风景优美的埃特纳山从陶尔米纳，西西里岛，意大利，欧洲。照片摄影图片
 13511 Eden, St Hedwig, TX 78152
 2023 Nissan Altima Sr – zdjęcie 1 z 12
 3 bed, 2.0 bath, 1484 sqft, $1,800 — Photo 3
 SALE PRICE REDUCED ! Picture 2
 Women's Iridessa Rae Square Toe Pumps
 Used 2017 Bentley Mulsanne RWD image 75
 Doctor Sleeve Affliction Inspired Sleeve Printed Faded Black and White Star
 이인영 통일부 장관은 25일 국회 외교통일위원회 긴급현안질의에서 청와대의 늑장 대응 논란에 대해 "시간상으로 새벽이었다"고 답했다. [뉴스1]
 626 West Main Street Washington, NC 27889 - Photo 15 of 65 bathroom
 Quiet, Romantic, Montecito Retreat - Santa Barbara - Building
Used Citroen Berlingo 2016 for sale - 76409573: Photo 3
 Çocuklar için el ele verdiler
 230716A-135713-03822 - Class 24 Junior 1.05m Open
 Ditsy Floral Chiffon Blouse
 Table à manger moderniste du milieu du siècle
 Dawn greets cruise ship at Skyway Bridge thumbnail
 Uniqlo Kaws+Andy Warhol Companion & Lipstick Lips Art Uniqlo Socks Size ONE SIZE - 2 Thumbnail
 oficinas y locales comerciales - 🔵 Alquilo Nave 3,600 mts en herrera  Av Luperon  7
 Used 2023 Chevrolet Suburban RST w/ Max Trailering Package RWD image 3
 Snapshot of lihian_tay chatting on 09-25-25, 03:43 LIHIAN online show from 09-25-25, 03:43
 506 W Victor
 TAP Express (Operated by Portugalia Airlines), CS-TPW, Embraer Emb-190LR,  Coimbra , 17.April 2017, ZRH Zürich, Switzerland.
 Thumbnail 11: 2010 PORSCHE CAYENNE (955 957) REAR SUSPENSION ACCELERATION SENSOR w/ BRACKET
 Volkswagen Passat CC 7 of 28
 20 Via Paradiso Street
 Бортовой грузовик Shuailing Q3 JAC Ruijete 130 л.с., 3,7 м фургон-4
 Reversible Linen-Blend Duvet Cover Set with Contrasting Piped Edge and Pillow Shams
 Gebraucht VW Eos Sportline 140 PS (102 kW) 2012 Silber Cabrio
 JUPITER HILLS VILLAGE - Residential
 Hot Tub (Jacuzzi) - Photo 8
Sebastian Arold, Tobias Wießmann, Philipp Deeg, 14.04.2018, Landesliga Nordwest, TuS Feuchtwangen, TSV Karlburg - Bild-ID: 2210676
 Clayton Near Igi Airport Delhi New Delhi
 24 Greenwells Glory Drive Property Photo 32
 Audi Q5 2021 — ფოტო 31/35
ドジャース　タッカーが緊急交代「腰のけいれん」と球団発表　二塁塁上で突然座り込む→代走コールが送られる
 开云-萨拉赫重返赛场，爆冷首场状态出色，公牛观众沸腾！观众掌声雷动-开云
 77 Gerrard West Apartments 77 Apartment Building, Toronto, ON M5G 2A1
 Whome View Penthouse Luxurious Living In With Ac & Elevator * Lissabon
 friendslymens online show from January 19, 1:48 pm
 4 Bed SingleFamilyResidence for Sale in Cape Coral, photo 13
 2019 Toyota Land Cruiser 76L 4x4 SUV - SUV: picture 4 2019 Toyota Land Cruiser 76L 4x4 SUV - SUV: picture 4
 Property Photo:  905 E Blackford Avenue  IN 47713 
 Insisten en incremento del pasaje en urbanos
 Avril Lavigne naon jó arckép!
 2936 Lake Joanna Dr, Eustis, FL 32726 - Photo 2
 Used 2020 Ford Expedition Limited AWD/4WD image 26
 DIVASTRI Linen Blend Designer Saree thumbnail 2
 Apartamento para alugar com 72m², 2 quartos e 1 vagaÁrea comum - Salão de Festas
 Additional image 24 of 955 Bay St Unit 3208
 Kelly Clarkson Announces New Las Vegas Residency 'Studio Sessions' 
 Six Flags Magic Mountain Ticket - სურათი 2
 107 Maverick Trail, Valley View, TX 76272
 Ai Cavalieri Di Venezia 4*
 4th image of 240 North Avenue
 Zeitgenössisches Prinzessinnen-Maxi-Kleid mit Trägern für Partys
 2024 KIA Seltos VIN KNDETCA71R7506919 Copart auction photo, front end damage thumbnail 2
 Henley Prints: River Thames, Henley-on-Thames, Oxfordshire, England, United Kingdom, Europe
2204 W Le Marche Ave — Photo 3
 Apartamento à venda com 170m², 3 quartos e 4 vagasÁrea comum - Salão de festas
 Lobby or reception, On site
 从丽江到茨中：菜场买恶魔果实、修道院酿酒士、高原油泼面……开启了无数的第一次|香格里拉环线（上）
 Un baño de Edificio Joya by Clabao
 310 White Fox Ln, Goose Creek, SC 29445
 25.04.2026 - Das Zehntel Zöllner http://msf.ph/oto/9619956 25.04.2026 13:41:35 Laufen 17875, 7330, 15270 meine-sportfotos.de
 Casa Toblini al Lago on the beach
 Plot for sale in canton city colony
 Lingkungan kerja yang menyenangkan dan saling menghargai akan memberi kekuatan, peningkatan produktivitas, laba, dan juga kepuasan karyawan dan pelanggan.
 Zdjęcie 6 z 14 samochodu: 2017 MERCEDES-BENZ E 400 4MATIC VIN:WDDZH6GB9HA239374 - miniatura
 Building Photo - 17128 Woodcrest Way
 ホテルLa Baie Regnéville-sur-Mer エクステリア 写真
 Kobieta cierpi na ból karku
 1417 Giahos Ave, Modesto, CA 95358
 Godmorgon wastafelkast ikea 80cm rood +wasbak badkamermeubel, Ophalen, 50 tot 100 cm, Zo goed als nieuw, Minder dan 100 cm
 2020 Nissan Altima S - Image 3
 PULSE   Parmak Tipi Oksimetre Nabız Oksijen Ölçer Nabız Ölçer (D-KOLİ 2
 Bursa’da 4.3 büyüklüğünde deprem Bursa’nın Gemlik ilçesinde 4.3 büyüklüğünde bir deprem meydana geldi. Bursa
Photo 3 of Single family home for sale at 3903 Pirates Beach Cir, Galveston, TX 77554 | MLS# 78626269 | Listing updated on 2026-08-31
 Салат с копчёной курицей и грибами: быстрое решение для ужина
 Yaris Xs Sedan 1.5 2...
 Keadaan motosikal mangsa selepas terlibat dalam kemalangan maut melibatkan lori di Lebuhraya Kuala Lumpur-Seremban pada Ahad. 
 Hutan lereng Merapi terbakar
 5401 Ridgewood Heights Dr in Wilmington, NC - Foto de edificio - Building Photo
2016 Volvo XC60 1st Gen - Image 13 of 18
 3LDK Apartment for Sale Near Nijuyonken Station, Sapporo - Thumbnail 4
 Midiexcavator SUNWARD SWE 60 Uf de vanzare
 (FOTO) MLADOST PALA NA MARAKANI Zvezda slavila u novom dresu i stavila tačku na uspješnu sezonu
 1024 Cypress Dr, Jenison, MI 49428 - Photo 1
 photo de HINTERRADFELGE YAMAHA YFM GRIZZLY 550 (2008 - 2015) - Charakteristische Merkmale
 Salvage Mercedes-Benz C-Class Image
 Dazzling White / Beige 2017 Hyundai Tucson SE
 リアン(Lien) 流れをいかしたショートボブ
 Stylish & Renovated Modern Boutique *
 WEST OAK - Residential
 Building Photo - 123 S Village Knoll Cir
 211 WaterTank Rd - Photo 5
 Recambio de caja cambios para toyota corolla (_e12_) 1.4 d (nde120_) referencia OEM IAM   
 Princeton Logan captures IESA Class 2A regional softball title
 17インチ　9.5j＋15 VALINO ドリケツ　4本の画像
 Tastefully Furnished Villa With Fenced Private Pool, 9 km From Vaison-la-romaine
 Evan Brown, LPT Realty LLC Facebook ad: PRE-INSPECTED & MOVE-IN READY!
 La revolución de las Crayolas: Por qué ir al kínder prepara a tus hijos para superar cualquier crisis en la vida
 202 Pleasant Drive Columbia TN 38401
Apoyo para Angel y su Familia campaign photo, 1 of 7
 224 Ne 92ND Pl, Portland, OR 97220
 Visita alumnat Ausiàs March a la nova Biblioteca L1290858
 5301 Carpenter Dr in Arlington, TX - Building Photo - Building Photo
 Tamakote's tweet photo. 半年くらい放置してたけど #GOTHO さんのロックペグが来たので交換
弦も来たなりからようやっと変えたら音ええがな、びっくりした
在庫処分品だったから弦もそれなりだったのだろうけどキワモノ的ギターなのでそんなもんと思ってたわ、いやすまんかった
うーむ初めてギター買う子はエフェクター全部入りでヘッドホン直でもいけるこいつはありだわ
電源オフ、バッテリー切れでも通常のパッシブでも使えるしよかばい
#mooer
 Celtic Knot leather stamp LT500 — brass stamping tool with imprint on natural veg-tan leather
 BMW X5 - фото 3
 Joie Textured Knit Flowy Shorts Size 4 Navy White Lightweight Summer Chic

§ **Your assignment**: Will you return exactly the lines above from the one with "1024 Cypress Dr, Jenison, MI 49428 - Photo 1" down to the one with "211 WaterTank Rd - Photo 5", counting both as part of the range?

§ **Solution**:
 1024 Cypress Dr, Jenison, MI 49428 - Photo 1
 photo de HINTERRADFELGE YAMAHA YFM GRIZZLY 550 (2008 - 2015) - Charakteristische Merkmale
 Salvage Mercedes-Benz C-Class Image
 Dazzling White / Beige 2017 Hyundai Tucson SE
 リアン(Lien) 流れをいかしたショートボブ
 Stylish & Renovated Modern Boutique *
 WEST OAK - Residential
 Building Photo - 123 S Village Knoll Cir
 211 WaterTank Rd - Photo 5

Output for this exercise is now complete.